Zambian smallholder rice producers are in the deep throes of a market crisis, a survey by Africanfarming.com reveals. At the core of the crisis is the lack of market policies that linked farmers with major buyers. This leaves them vulnerable to so-called exploitative private buyers.
The market crisis is more evident in Luapula. “There is no market for rice here, and growers are desperately selling a 20kg container of rice at only K7,” said Martin Chilukwa, district commissioner of the newly created Lunga District.
The new district, an island on Lake Bangweulu, produces 500 tons of rice per year.
Chilukwa appealed to the Food Reserve Agency (FRA) to set up a depot in Lunga to mitigate the situation which affects hundreds of farmers.

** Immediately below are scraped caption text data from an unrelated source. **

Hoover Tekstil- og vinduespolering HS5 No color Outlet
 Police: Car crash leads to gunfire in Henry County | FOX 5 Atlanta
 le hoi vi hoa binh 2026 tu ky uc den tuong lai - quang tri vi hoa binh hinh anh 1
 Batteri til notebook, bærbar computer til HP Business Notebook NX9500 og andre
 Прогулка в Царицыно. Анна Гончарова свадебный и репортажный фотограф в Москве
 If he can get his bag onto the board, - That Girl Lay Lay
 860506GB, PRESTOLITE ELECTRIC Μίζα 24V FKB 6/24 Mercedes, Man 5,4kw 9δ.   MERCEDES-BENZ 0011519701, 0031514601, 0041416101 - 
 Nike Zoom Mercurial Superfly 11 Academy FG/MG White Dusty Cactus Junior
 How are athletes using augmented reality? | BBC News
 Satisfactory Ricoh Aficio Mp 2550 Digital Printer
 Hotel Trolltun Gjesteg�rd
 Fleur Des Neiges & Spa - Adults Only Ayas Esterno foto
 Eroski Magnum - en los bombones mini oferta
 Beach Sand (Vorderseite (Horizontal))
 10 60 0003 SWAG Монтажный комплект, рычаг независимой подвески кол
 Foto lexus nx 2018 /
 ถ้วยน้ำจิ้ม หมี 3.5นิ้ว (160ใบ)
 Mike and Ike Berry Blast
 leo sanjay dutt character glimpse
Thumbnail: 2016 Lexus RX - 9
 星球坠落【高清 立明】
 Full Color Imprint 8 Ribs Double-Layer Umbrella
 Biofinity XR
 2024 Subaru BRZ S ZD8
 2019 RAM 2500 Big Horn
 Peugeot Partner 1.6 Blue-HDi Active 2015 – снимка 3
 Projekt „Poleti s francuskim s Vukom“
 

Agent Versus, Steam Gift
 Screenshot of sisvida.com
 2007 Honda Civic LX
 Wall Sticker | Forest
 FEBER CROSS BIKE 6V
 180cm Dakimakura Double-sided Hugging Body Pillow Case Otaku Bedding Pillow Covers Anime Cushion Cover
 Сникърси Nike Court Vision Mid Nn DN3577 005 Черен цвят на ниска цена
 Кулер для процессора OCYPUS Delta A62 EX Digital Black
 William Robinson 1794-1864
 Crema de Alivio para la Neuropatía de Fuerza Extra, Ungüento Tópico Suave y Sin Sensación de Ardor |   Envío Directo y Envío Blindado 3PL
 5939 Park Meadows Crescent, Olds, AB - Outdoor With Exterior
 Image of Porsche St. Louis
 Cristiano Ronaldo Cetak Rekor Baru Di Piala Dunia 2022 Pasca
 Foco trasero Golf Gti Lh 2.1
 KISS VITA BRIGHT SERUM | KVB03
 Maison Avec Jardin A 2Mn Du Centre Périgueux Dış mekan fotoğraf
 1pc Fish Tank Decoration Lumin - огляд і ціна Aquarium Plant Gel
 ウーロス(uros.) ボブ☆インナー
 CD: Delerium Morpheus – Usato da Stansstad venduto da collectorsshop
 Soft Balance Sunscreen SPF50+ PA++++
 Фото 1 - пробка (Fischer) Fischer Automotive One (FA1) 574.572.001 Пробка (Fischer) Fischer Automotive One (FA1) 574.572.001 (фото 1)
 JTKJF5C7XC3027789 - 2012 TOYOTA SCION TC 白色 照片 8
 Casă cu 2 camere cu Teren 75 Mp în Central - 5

He said rice growers sometimes resorted to bartering their produce for soap, clothes and other household essentials.
“A ready market would greatly improve the livelihoods of these farmers,” he said.
Interviews with farmers in Western province, another rice producing area, showed farmers struggled to access lucrative markets. Private buyers are taking advantage of the situation by buying the rice cheaply from desperate farmers and re-selling at exorbitant prices in Lusaka and Copperbelt Province.
FRA will this marketing season buy rice in addition to maize, creating optimism for better prices among producers. The agency will buy a minimum of 500 000 tons of maize and 2 100 tons of paddy rice.